While people snacked on everything from boudin balls to snowballs, pooches won prizes, were adopted and watched the people who provided a steady crowd.
About 5,000 to 7,000 people attended the annual event located in Denham Springs' Antique District, said Chief Criminal Deputy Joe Shumate, of the Denham Springs City Marshal's Office.
Marshal Jerry Denton said the crowd might have been even larger had the LSU football game not been at 2:30 p.m., but he still noticed "lots of folks from out of town."
"It brings a lot of people in here who aren't exactly regulars," said Julie Guidry, owner of Rusty Rooster, one of the Range Avenue antique stores that benefited from the crowd.
Guidry said she and her staff have been preparing for the festival for two or three months, and began decorating a week ago.
She said she expected Sunday to be a "big furniture sale day" since buyers couldn't haul pieces through the busy street Saturday.
Serendipity owner Len Taylor said he had more business during Fall Festival than expected because it was "the biggest it's ever been."

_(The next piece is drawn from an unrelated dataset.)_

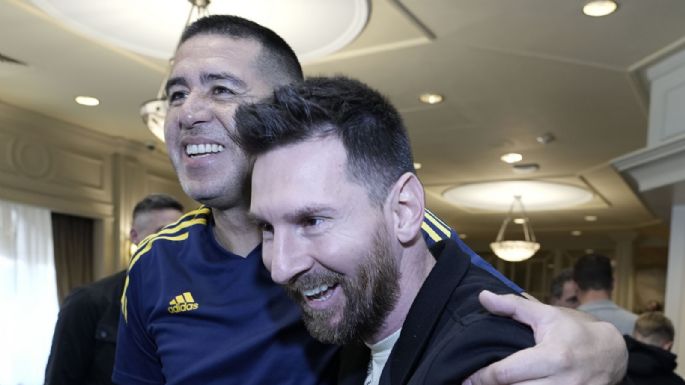 Riquelme se despide en la Bombonera con Messi como invitado especial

Taylor said "people were waiting at the front door" when Serendipity opened Saturday morning, and he was shocked when visitors parked three blocks away from the Antique District.
Mayor Jimmy Durbin and the City Council are "very, very active" in supporting the Antique District, Taylor said, noting a new parking lot and brick pavers on the sidewalk.

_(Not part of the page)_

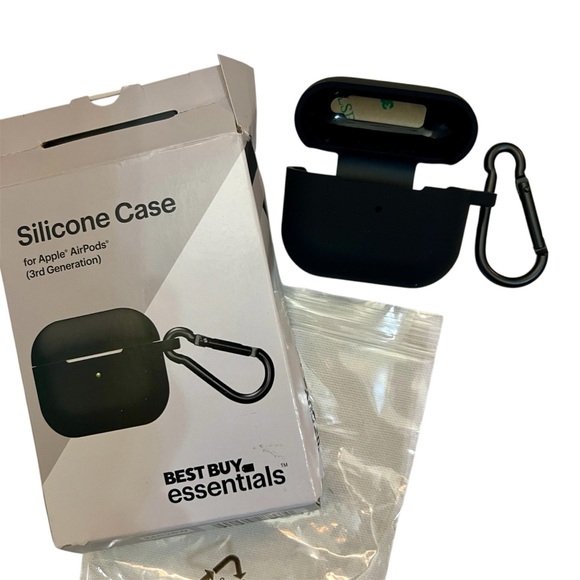 5/$20 Best Buy Essentials Black Silicone AirPods Case 3rd generation - Picture 1 of 4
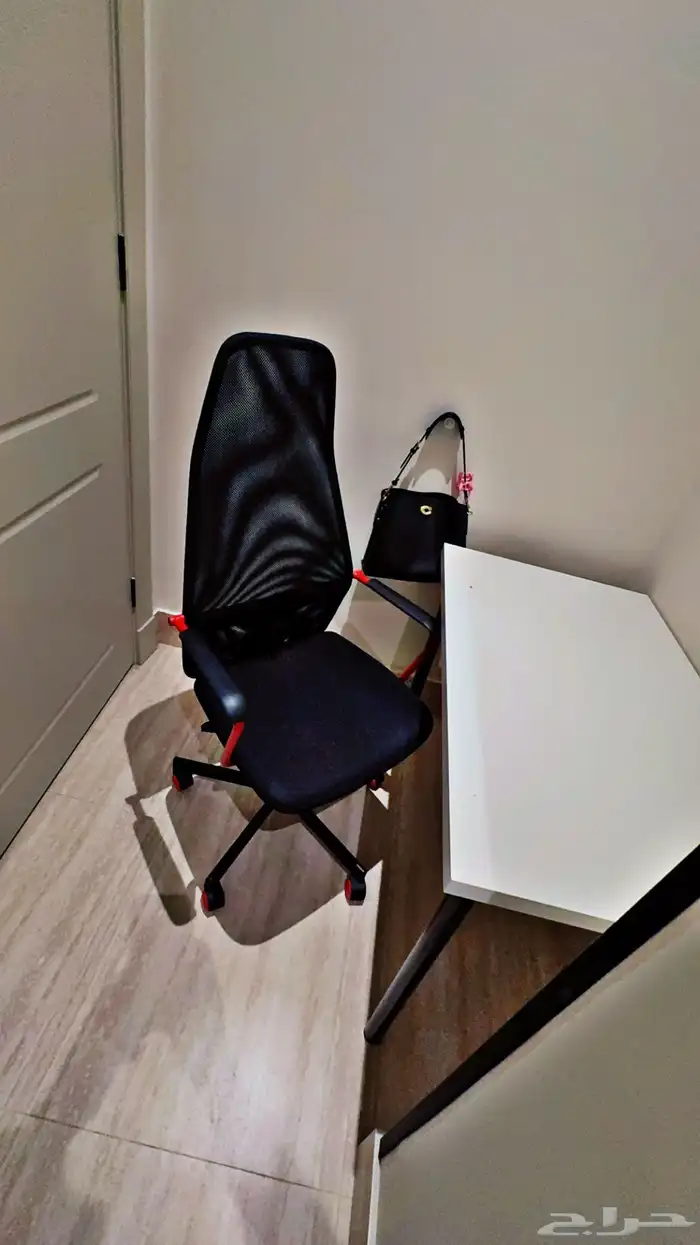 مكتب دراسي ايكيا 0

Nina David set up a booth selling lockets for the first time Saturday, though she had attended the festival for three years prior. Her daughter Lindsay Whitmer's aroma booth stood next to hers, and David said Whitmer was busier this year than in years past.

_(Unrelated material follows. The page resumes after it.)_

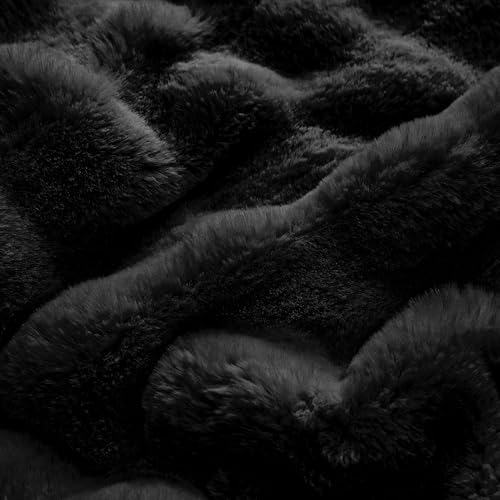 Ghouse Faux Fur Throw Blanket Black Twin 60x80 Inches Soft Cozy Couch Bedding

"She hasn't stopped," David said. "You wouldn't think the economy is that bad."
Maybe the best of the day went to the dogs a few booths down where people petted and played with barking puppies and dogs up for adoption from the Society for the Prevention of Cruelty to Animals.
President of SPCA of Livingston Parish Terri Dunlap said the organization has set up pet adoptions for six years at the Fall Festival. She said 700 to 800 animals are adopted annually from the SPCA, and usually about 10 dogs are adopted at the Fall Festival.
Sassy, a dog adopted from the SPCA a month ago, participated in the SPCA Bow Wow Ween Howl-O-Ween Canine Costume Contest on Saturday morning, Dunlap said.
Dressed as a punk rocker, complete with a pink Mohawk, Sassy placed second in the Pet Parent section of the costume contest.
Orphan, another dog that's been adopted, though not through the SPCA, took a ribbon. She won second place in the Glitz and Glamour section of the contest. Orphan wore a red tutu and horns, dressed as "Doggie Wears Prada," owner Krystyn Alwood said.
"She just showed up to our house one day," Alwood said. "It's just sad how people just drop off their pets with no care in the world."
They were among a dozen dogs that strutted across the stage, tails wagging under costumes as songs like "Who Let the Dogs Out?" boomed out of speakers.
The crowd cheered and laughed as some canines pulled at their leashes, trying to meet new friends.